## [DATA BLOCK]
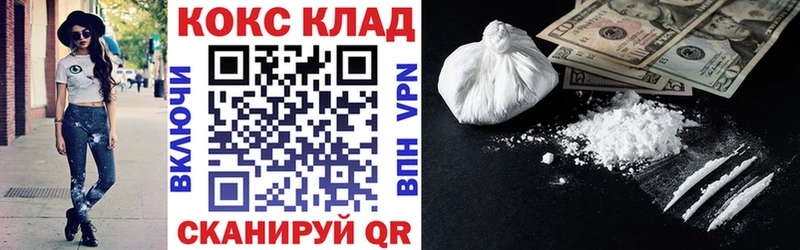 Кокаин FishScale Семикаракорск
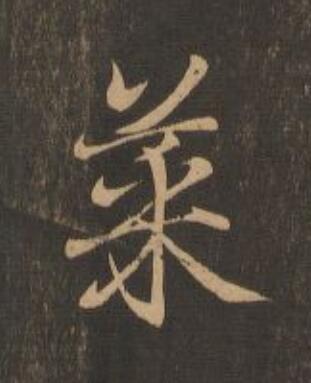 菜行书                      书法写法高清图片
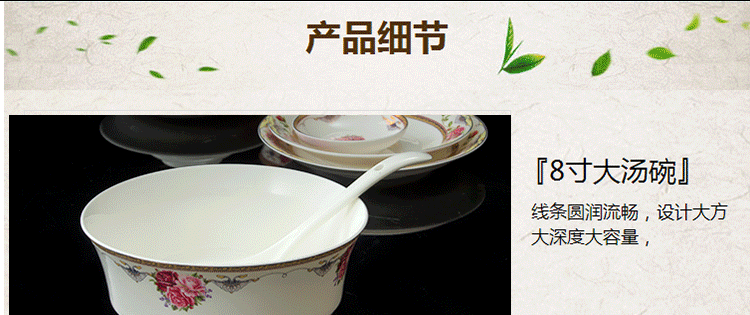 
                                                                                瓷物语餐具套装陶瓷碗盘碟青花瓷碗套装礼品 26头雪语花香配汤碗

## [TASK REQUIREMENTS]
Repeat the listing word for word, but without its pictures.

## [RESULT OF THIS TASK]
 Кокаин FishScale Семикаракорск
 菜行书                      书法写法高清图片
                                                                                瓷物语餐具套装陶瓷碗盘碟青花瓷碗套装礼品 26头雪语花香配汤碗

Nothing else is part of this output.